Pictures with short captions
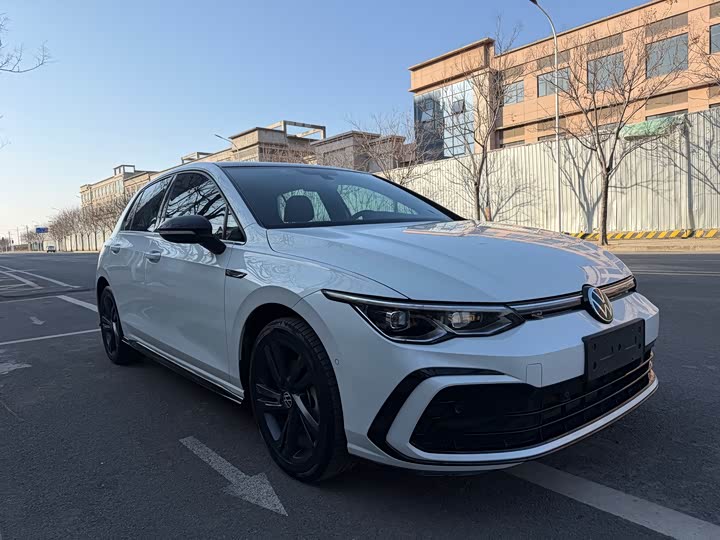 Фото 3 - Volkswagen Golf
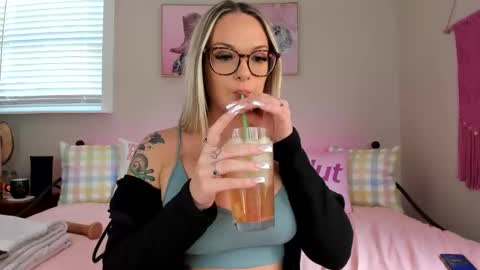  KORA MARiNA  online show from January 7, 2025, 6:45 pm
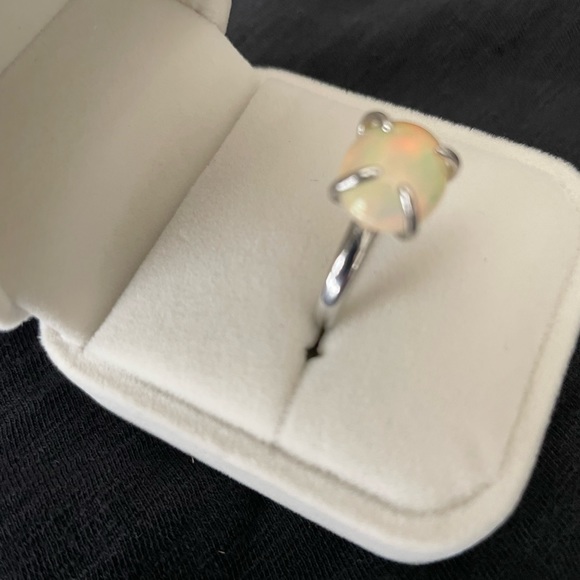 Opal ring set in .925 silver. Ring is adjustable. - Picture 7 of 8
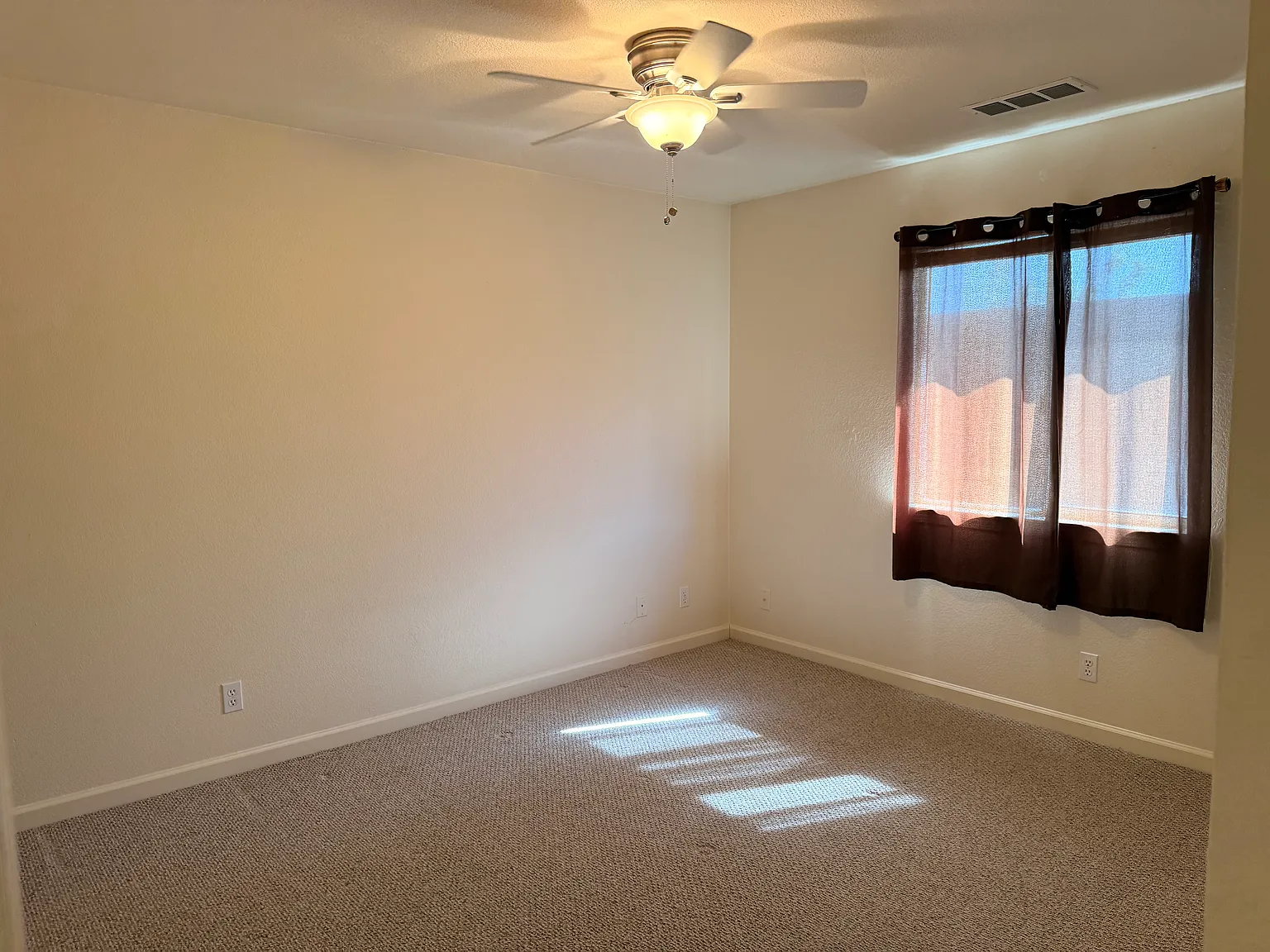 3 bed, $1,695 — Photo 4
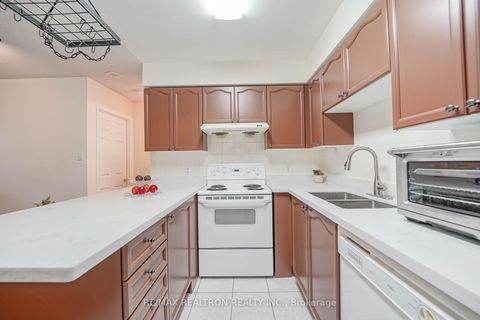 Photo 13 at 511 - 256 Doris Avenue, Willowdale East, Toronto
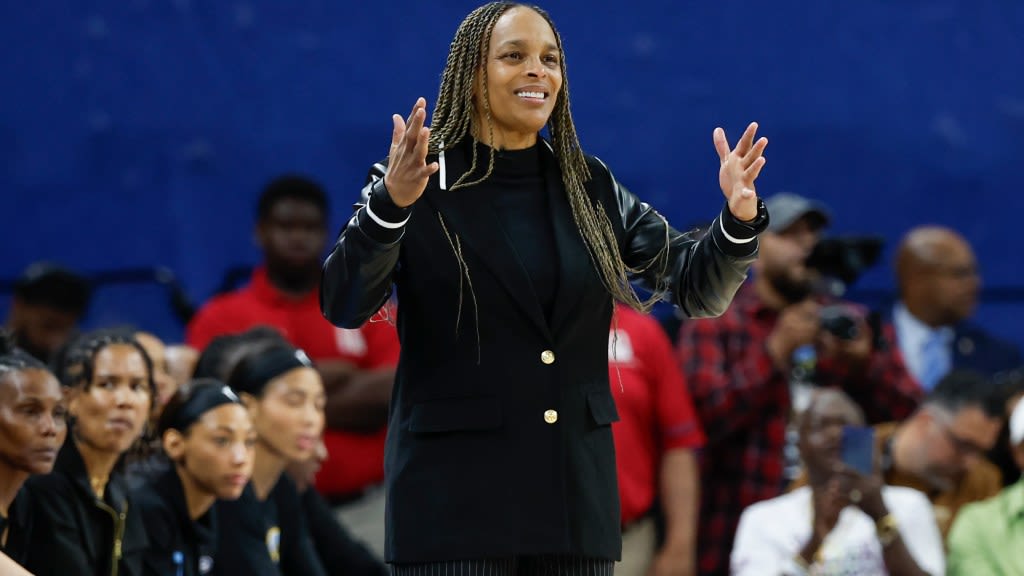 Sky head coach Teresa Weatherspoon's passion for coaching will give you goosebumps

**Activity:** Reproduce nothing but the lines that run from the line containing "3 bed, $1,695 — Photo 4" through the last line of the records, inclusive. Omit the pictures.

**Answer box:**
 3 bed, $1,695 — Photo 4
 Photo 13 at 511 - 256 Doris Avenue, Willowdale East, Toronto
 Sky head coach Teresa Weatherspoon's passion for coaching will give you goosebumps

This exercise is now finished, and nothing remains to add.